Thursday, 28 de March de 2024 ISSN 1519-7670 - Ano 24 - nº 1280

Um ano de rodadas do Ibope

MÍDIA & PESQUISAS

Chico Bruno (*)

O problema não é a pesquisa. O problema continua a ser a interpretação da pesquisa. Ao que parece, de nada adiantou o Ibope ter realizado dois seminários para jornalistas, um em São Paulo e outro no Rio de Janeiro, antes das eleições de 2000, ensinando como se lêem e interpretam as pesquisas, distribuindo inclusive uma pequena cartilha.

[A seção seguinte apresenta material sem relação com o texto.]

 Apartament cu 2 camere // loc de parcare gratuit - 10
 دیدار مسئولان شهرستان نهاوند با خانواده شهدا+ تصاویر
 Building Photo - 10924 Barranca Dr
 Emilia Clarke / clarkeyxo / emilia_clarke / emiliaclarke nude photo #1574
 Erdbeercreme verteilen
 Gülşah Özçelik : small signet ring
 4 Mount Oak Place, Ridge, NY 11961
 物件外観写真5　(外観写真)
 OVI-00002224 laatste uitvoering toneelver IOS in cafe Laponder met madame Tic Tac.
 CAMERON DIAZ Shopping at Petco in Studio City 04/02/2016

Essa constatação é possível quando lemos as matérias sobre as últimas pesquisas divulgadas. É incrível, mas a imprensa não se deu ao trabalho de detalhar historicamente os resultados e analisar as circunstâncias do período pesquisado. O que mais importou para os jornalistas políticos, com raras exceções, foi o empate em segundo lugar entre Serra e Garotinho, na pesquisa do Ibope realizada entre 17 e 19 de maio, com 2.000 entrevistados e margem de erro de 2,22%: Serra caiu dois pontos, ficando com 16%, e Garotinho manteve a pontuação anterior, de 16%.

Ninguém se lembrou de noticiar que no dia 16 de maio foi exibido em todo o território nacional o programa de televisão do PSB, com 10 minutos de duração, e que o campo da pesquisa foi realizado nos três dias seguintes, o que demonstra que o programa de Garotinho não o favoreceu, ao contrário do de Lula, que imediatamente pesquisado fez com que o petista aumentasse sua pontuação em 11 pontos, segundo o mesmo Ibope. Essa análise foi completamente desprezada pela imprensa.

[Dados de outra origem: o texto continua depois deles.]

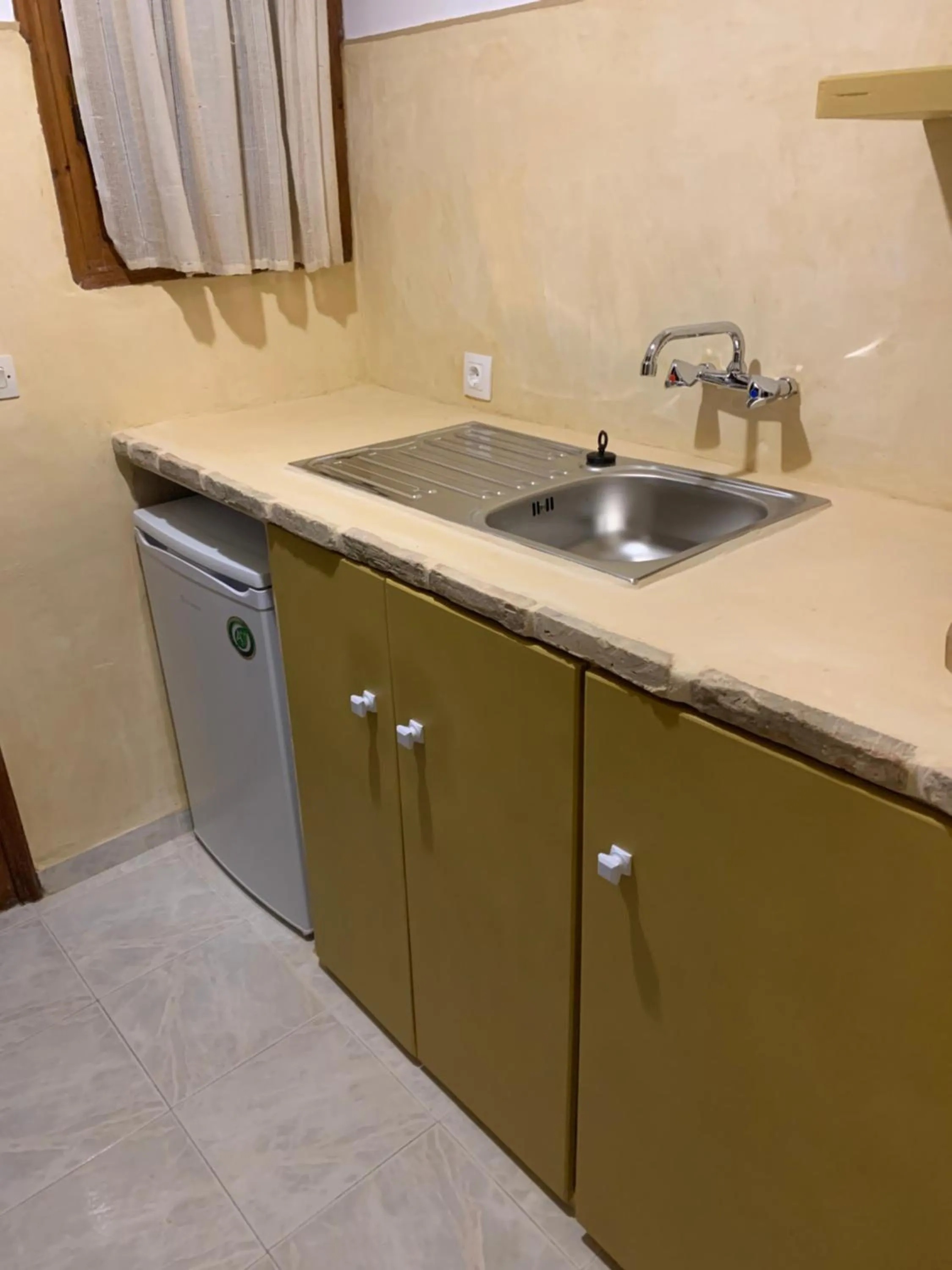 Kitchen or kitchenette in Gerani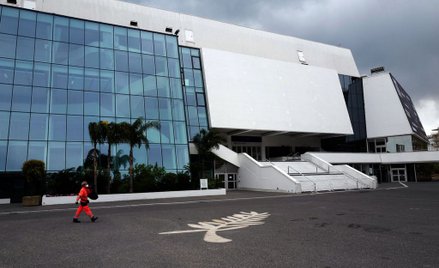 Bezdomni w Pałacu Festiwalowym w Cannes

Importou muito mais a queda de dois pontos do Serra e seu empate com Garotinho, o que não quer dizer muita coisa, pois está na margem de erro da pesquisa; Serra pode ter mantido os 18% anteriores. Também não interessou à imprensa a análise de que, apesar de alvo de cerrado tiroteio, Serra saiu ileso, mantendo o mesmo patamar.

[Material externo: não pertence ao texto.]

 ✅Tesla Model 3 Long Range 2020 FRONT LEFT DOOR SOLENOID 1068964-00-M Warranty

A imprensa continua a desprezar a leitura histórica das pesquisas. Tomando
por base os resultados das rodadas do Ibope no período de
junho de 2001 a maio de 2002, chega-se à seguinte conclusão:
Lula saiu de 28%,em junho de 2001 para 38% este mês, crescendo
no período 10 pontos. Serra saiu de 6% em junho de 2001 para
16% agora, subindo, também, 10 pontos. Garotinho, que começou
a ser pesquisado em setembro de 2001, saiu de 10% para 16%, subindo
6% nesse período; e Ciro, que tinha 12% em junho de 2001,
caiu para 10% este mês. Abaixo, o gráfico da série
histórica das pesquisas realizadas pelo Ibope.

Logo após a divulgação dos resultados da pesquisa realizada entre 17 e 19 de maio, o Ibope divulgou outra, feita entre 17 e 20 do mesmo mês, por encomenda da agência carioca Premiun, para seu cliente Garotinho, com intenção de avaliar o programa de TV exibido dia 16 de maio pelo PSB. Nela, Lula subiu para 42 pontos, e os outros mantiveram os mesmos números, com exceção de Ciro, que caiu mais dois pontos. Nessa pesquisa, o questionário trazia a pergunta estimulada antes da espontânea e, entre as duas, uma pergunta sobre o conhecimento dos candidatos. Pela diferença de questionário entre as demais, esse resultado não está sendo considerado nessa análise.

Quem perde é o leitor

Feito esse esclarecimento é hora de voltar à vaca fria. As pesquisas refletem o humor do momento pesquisado, e o gráfico demonstra isso. Basta ver que Lula começou essa série com 28%, chegou a 31% em dezembro de 2001, caiu para 24% em março deste ano, subiu para 35% em abril e chegou agora aos 38%. Durante esse período muita água rolou, como a ascensão e a queda de Roseana, o rompimento do PFL com o governo federal, a verticalização das coligações, as denúncias de arapongagem e propinagem contra Serra, a ascensão e a queda da aposentadoria precoce de Garotinho, as brigas da Frente Trabalhista de Ciro, entre outras escaramuças.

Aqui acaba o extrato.